Does the Prime Minister agree with him?
This is the answer that I have given not just three or four times in this PMQs but in previous PMQs: as we look at universal credit roll-out, we look at how we are introducing it. The right hon. Gentleman talks about what happened under Labour, and I am happy to talk about what happened under Labour—[Interruption.]
Order. There is far too much noise and finger pointing on both sides of the Chamber. The responses from the Prime Minister will be heard, as will the questions from the Leader of the Opposition and every other Member without fear or favour.
The right hon. Gentleman is talking about rolling out new benefit systems, but let us think about what happened when Labour rushed to introduce tax credits. I was not the only Member of Parliament who had people in my constituency surgery who had filled the forms in properly and given information to the authorities only for the Government to come back years later and land them with bills for thousands of pounds. That is what happens when you rush into a system rather than introducing it properly, as we are.
I thought that we had passed a threshold last week and that the Prime Minister was going to answer questions, but we obviously have not achieved that yet. Labour introduced working tax credits to help people on low pay out of poverty and it made a very big difference. The sad truth is that universal credit is in such a mess that councils are forced to pick up the Bill. Let me give an example. Croydon Council, which piloted the scheme, is now spending £3 million of its own budget to prevent tenants from being evicted due to rent arrears caused by universal credit. Does the Prime Minister think that it is right or fair that hard-pressed local authorities, having their budget cut by central Government, should have to dip into what little money they have left to prevent people from being evicted when they know full well that it is this Government and their system of universal credit that are causing the problem?
Labour introduced working tax credits and then clawed thousands of pounds back from people who were working hard. The right hon. Gentleman raises the issue of rent arrears and I know that Members have concerns about people who are managing their budgets to pay their rent. For the vast majority of people on universal credit, managing their budgets is not an issue. After four months, the number of people on universal credit who are in arrears has fallen by a third, but we recognise the issue so we are working with landlords. We have built flexibility into the system so that landlords can be paid directly, and I want to be clear that nobody can be legally evicted from social housing because of short-term rent arrears. That is an important point for us to get across to people, but I come back to the essential point about universal credit: this is about a welfare system that helps people into work, makes work pay and does not trap people in a life on benefits for years.

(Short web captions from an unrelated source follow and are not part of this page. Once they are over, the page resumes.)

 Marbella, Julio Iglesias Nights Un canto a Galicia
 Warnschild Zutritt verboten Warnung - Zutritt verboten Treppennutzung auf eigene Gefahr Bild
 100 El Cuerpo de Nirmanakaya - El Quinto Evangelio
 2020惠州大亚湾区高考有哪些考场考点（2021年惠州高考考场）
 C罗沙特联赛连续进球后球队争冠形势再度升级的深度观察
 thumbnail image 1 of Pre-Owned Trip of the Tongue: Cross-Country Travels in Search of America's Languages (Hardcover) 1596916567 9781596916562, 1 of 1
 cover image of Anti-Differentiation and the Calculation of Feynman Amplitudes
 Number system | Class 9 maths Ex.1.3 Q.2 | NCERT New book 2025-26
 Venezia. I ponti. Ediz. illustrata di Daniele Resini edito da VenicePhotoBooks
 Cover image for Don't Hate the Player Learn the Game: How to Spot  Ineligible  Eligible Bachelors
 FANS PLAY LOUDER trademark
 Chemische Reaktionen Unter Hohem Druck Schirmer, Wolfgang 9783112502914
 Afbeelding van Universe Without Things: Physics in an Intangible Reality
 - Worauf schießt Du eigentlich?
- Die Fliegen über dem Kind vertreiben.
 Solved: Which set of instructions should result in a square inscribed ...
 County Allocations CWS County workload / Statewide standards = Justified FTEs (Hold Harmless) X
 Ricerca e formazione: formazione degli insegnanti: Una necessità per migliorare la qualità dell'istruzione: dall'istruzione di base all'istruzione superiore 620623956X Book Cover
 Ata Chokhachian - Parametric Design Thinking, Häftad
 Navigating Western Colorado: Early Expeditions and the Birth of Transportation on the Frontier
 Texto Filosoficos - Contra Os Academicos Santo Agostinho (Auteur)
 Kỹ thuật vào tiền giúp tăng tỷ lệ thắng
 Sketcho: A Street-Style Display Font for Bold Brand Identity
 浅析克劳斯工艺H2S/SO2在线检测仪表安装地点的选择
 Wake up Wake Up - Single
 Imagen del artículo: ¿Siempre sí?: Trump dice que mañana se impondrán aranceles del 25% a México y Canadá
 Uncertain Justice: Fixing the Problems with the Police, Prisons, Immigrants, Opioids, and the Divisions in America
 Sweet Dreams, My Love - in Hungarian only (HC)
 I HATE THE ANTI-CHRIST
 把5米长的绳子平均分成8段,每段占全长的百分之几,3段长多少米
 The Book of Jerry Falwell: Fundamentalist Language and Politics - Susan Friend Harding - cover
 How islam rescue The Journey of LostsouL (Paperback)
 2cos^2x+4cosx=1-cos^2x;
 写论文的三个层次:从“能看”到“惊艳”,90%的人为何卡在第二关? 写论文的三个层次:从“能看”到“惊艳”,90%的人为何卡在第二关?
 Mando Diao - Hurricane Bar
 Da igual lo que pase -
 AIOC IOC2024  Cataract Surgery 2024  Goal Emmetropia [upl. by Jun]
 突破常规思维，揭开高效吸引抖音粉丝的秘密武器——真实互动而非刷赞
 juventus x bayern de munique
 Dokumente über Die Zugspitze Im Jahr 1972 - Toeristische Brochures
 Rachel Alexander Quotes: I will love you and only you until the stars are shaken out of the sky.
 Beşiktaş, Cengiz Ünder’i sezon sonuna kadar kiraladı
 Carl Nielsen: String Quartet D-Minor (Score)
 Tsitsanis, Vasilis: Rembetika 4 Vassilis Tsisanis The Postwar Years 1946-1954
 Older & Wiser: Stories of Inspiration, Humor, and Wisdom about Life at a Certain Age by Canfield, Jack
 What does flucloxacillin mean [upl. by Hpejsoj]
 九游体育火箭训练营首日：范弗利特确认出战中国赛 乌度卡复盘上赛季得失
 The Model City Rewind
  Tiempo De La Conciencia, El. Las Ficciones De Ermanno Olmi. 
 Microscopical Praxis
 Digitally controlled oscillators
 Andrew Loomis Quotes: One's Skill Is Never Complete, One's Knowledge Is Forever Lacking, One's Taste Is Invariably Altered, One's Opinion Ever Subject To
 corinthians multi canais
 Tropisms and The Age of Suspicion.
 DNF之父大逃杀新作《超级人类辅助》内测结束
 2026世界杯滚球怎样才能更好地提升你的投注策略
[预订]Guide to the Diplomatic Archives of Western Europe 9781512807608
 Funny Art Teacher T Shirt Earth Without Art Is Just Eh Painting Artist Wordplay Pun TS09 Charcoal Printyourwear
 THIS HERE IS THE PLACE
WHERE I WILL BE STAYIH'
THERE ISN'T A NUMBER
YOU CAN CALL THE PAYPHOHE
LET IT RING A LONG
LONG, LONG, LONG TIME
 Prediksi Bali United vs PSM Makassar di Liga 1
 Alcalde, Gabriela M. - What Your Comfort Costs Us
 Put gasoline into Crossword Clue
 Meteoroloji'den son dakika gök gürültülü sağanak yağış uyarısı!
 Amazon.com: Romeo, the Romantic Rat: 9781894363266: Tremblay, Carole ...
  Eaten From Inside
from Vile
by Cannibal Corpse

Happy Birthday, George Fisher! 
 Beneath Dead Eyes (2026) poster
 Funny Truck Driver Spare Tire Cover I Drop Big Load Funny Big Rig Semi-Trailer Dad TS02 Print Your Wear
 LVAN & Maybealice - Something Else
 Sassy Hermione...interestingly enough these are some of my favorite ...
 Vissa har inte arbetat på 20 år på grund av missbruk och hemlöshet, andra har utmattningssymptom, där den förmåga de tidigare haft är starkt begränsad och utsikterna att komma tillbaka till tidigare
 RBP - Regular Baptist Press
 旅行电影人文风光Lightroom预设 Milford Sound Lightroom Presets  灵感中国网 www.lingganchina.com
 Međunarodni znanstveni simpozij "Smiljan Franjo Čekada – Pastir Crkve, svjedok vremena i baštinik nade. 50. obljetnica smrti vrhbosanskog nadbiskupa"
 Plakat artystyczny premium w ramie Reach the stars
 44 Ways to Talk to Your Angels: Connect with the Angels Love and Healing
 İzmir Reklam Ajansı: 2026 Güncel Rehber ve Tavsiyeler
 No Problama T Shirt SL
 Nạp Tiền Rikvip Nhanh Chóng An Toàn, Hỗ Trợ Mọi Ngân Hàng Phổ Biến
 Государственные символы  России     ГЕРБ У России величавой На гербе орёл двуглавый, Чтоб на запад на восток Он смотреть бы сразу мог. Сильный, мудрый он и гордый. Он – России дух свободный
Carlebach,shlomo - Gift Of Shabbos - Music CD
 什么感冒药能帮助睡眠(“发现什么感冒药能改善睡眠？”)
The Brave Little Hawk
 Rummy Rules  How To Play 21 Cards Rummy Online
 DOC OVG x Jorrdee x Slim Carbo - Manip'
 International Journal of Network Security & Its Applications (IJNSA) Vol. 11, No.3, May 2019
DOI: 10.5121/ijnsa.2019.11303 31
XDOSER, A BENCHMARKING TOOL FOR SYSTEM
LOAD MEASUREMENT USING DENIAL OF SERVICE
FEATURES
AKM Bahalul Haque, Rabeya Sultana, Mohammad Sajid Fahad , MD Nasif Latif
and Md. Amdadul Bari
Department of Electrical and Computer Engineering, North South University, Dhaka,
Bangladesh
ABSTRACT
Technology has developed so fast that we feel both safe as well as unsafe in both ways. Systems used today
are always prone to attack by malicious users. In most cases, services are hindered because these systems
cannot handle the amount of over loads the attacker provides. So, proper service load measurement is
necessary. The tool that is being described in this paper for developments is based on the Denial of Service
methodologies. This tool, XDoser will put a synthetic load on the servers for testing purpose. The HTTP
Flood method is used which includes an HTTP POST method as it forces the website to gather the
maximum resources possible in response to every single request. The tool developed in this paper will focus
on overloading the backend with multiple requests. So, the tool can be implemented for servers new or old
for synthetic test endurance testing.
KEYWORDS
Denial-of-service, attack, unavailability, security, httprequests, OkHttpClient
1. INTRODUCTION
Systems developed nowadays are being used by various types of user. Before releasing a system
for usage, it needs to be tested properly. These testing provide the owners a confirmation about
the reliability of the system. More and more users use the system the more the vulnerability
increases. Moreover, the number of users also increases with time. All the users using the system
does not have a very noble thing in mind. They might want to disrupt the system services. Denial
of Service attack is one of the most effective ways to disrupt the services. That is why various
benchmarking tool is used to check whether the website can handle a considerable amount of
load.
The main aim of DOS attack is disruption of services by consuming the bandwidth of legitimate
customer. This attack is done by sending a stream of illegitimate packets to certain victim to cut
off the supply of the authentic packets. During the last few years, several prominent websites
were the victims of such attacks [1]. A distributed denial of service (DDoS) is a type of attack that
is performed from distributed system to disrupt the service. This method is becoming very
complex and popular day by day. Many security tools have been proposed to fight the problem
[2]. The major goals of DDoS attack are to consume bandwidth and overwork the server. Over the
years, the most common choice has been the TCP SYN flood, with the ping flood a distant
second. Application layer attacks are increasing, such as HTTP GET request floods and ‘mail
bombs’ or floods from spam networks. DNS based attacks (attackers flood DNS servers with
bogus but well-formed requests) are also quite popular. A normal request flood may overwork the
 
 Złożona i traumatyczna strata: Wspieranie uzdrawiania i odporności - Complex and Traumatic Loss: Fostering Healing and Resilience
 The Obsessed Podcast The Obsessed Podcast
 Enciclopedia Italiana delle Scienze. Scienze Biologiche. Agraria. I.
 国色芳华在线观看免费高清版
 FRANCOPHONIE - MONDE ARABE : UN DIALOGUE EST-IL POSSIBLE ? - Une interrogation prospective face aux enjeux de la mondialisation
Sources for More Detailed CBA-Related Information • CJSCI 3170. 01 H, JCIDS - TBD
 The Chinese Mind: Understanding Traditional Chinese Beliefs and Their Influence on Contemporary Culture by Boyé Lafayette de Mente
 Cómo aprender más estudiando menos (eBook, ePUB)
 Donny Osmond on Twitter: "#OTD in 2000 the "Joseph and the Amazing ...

I note that the Prime Minister could not say anything about people being evicted from the private rented sector because of universal credit problems. The costs in the benefit system are being driven by low pay and high rents. In 2015, the then Chancellor, her former friend, promised a £9 an hour living wage. However, in the March Budget it was sneaked out that the Government’s minimum wage would reach only £8.75. The welfare state was not created to subsidise low paying employers and overcharging landlords, so will the Budget in November put the onus back—[Interruption.]
Order. Mr Hoare, I expect better of you. You were much better behaved when you were at Oxford University—what has happened to you, man? Calm yourself.
My question is this: will the Budget in November put the onus back on to employers to pay a decent wage so that workers can make ends meet?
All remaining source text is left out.